Supplied material Start Marker

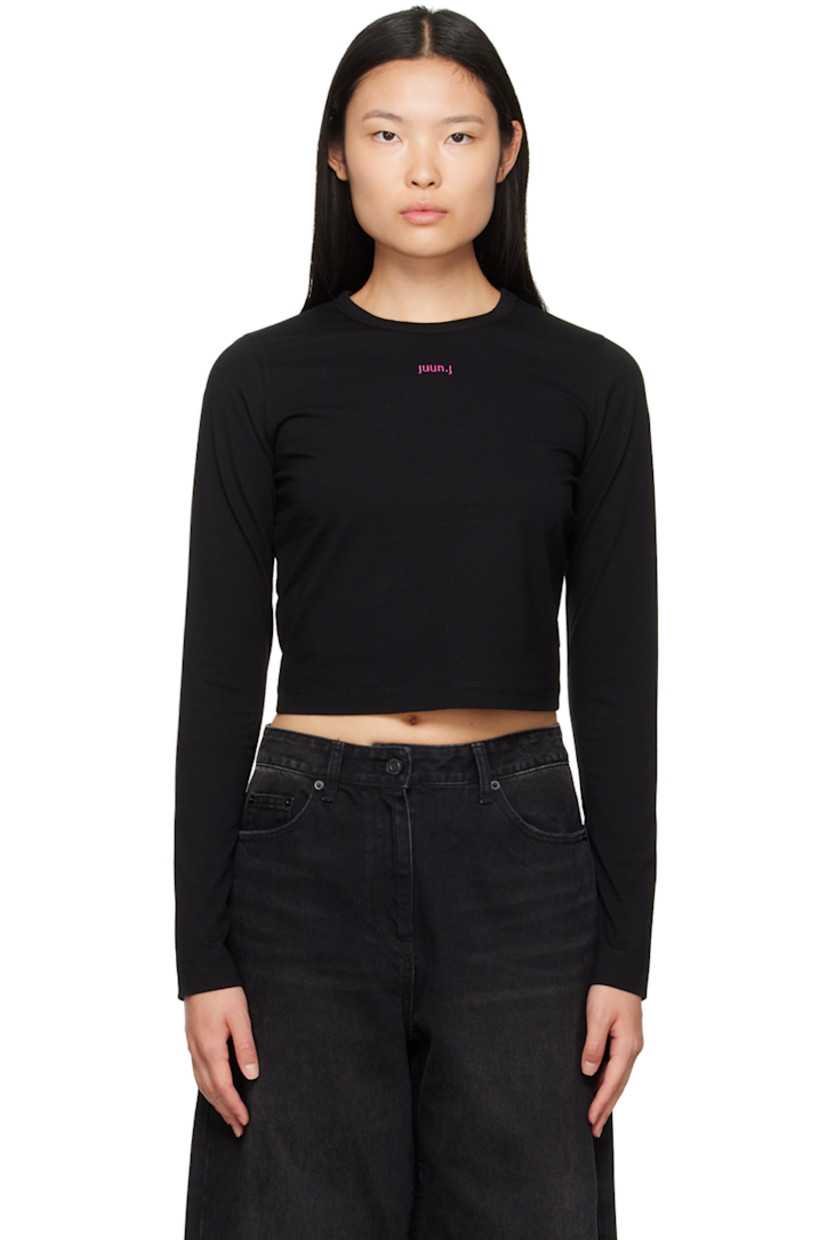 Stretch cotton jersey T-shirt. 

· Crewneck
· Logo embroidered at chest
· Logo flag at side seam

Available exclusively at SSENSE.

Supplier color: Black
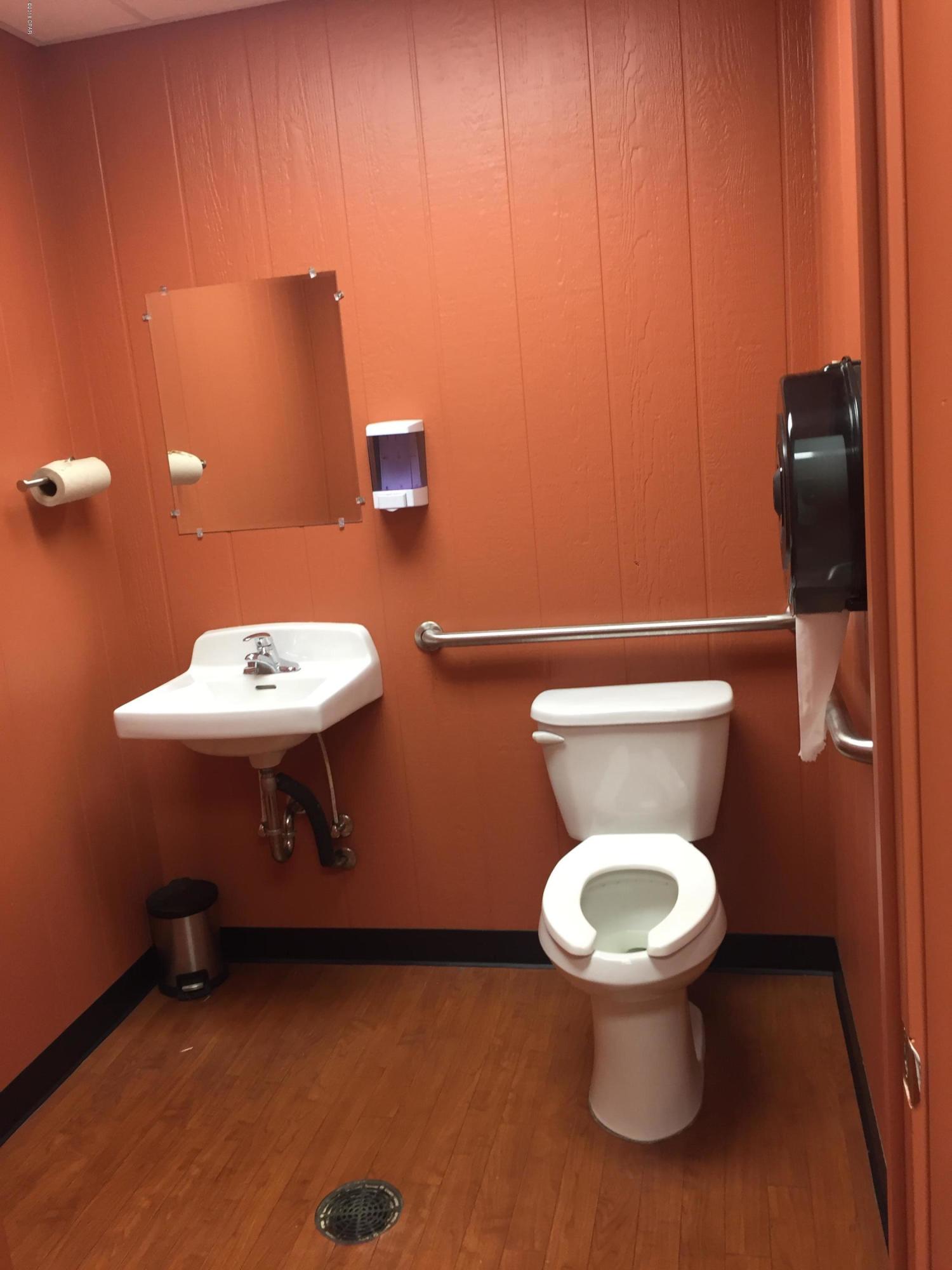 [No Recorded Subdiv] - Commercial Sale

Supplied material End Marker

> [Exercise directions]:
Which lines above hold the word "Logo"? Copy each of them.

> [Task output]:
· Logo embroidered at chest
· Logo flag at side seam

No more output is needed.